Décryptage de la semaine
Avec ses airs de ne pas y toucher, O’Parleur évoque aujourd’hui la sainte-nitouche. Révélations en vue dans un décryptage moins innocent qu’il n’y paraît…
Couvrez ce saint que je ne saurais voir toucher !
Digne de figurer auprès de Saint-Glinglin dans le calendrier fictif, Sainte-Nitouche est une création littéraire assez ancienne. Mais qui a consacré cette union aussi sacrée qu’insolite ?
D’un côté, il y a le saint (1050)[1] qui s’applique d’abord à Dieu dans la religion chrétienne. ; il signifie alors « souverainement pur et parfait ». Il désigne également ceux qui sont admis dans le séjour des bienheureux[2]. Le nom désigne (fin Xe siècle) une personne qui, après sa mort, est l’objet d’un culte de la part de l’Église catholique.
Depuis le XIe siècle, l’adjectif qualifie (1050) ce qui appartient à la religion chrétienne, ce qui est destiné à des usages sacrés[3]. Il s’applique également (1050) à une personne pure et vénérable, à une chose, à une action, qui inspire ou doit inspirer de la vénération.[4]
Nitouche pas à mon pote ma sainte !
De l’autre, il y a nitouche, nom féminin, issu par contraction (1534) de la locution n’y touche pas[5]. L’expression apparaît pour la première fois chez Rabelais, qui l’emploie dans Gargantua (1534) sous la forme de… Saincte Nytouche :
Croyez que c’estoyt le plus horrible spectacle qu’on veit oncques.
Les cryoient saincte Barbe ;
Les aultres, sainct George ;
Les aultres, saincte Nytouche ;

Le mot désigne familièrement une personne qui affecte l’innocence. À l’origine, il désigne spécialement une femme de mœurs faciles qui affecte la pruderie[6]. Aujourd’hui, il désigne plus généralement toute personne qui contrefait la sagesse ou la dévotion, dissimulant des intentions contraires. En bref : de faux innocents mais de vrais hypocrites.
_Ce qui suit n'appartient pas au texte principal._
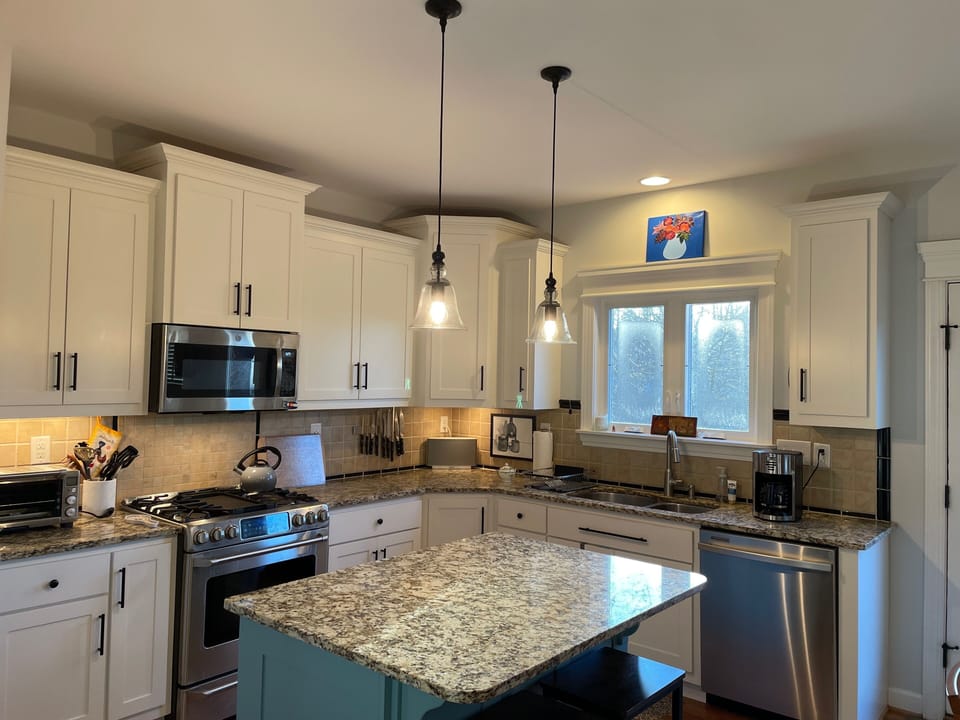 Kitchen with island and barstools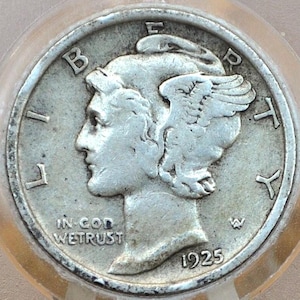 May include: A silver 1925 Walking Liberty Half Dollar coin with the inscription "In God We Trust" and the letter "W" mint mark. The coin features a profile of Liberty with a winged cap and the inscription "Liberty" on the left side and "E Pluribus Unum" on the right side.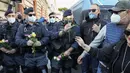 Petugas polisi memegang bunga yang diberikan demonstran selama aksi protes di Circus Maximus Roma, Jumat (15/10/2021). Protes tersebut karena aturan yang mengharuskan seluruh pekerja di Italia menunjukkan kartu kesehatan covid-19 untuk memasuki tempat kerja mereka. (AP Photo/Gregorio Borgia)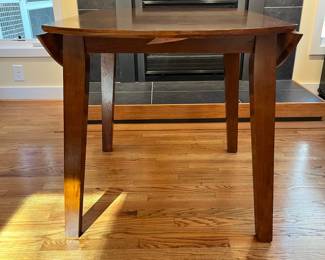 C15 - $75. Kitchen Table with small drop leaves. Leaves down it measures 42.25” wide x 30” deep 30.5” tall. Each leaf adds 7.25". 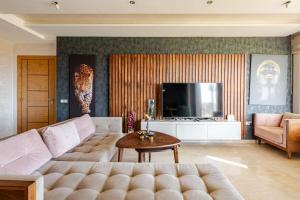 ein Wohnzimmer mit Sofa und Fernseher in der Unterkunft Appartement de Luxe - Piscine et Accès à la Plage in Bouznika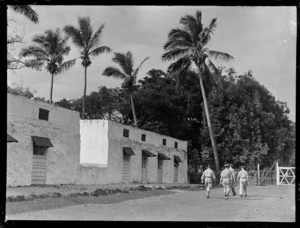Four unidentified RNZAF men walking down a street, near a stone building, Rarotonga, Cook Islands
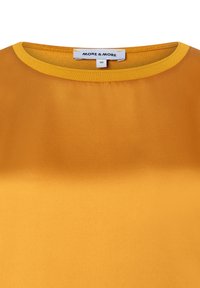 Gelbes Satin-Oberteil mit Rundhalsausschnitt. Der Stoff wirkt glatt und glänzend und zeichnet sich durch ein einfaches Design ohne zusätzliche Muster aus.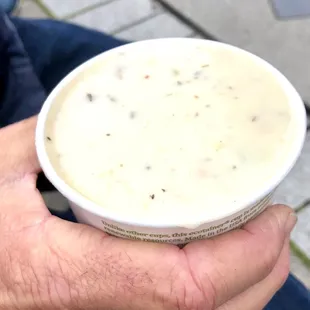 a person holding a bowl of soup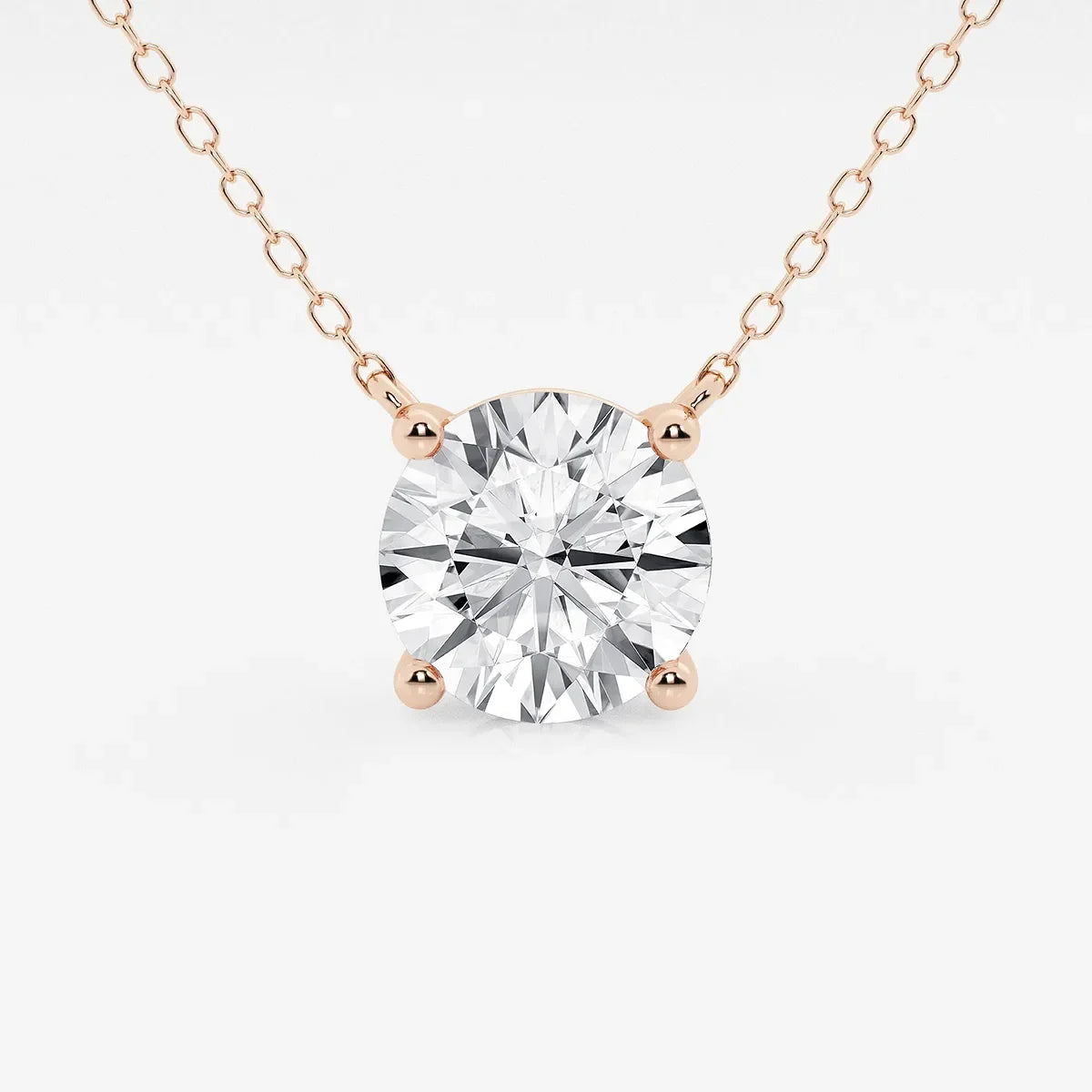 Rose gold necklace with round lab grown diamond pendant on white background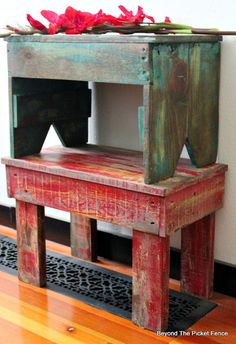 a wooden bench with red flowers on top and black metal grate under the bench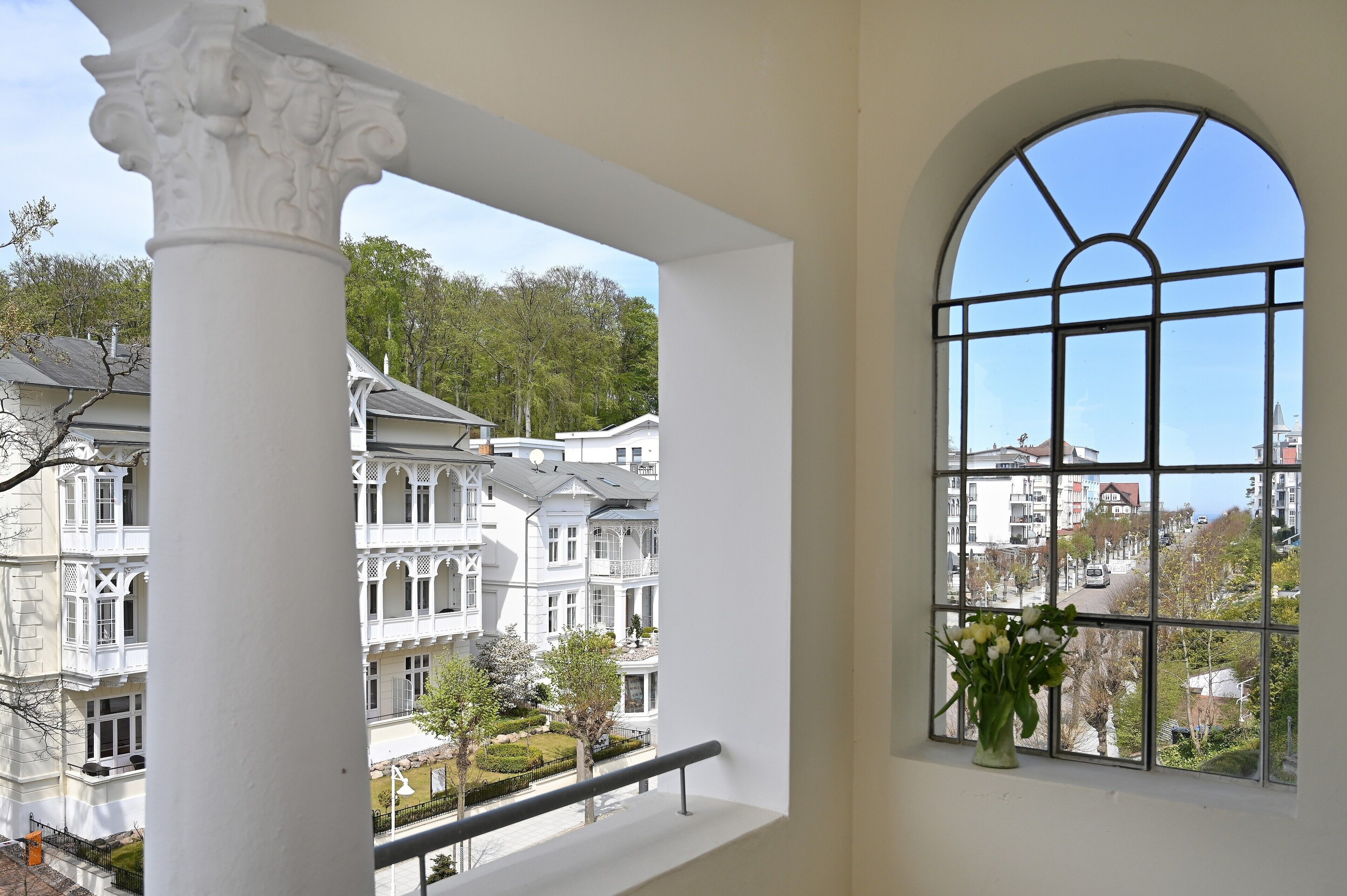 Ein Zimmer mit einem großen Bogenfenster, einer weißen Säule und Blick auf mehrstöckige Gebäude.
Il y a des coups de pieds au culte qui se perdent !
Hannibal LECTEUR, n’aime pas être mis sur la sainte-nitouche
En bonus : La bonne du curé ♫ Annie Cordy (1975)
Notes et références – Sainte-Nitouche
[1] Saint, sainte, adjectif et nom, est issu (1050), par l’intermédiaire de sancz (fin Xe siècle, adjectif et nom masculin) et sanz (vers 980), du latin sanctus adjectif, « rendu sacré et inviolable ».
Sanctus prend ensuite le sens du grec hagios (cf. hagio) qui avait lui-même reçu la valeur de l’hébreu qādôš (et qōdeš « sainteté ») chez les juifs et les chrétiens.
Du sens de « consacré, établi », on passe à des acceptions essentiellement morales : « vénérable », « vénéré », « vertueux » puis, dans la langue de l’Église, « saint ».
[2] Dans ce cas, il s’emploie écrit avec une minuscule devant le nom propre.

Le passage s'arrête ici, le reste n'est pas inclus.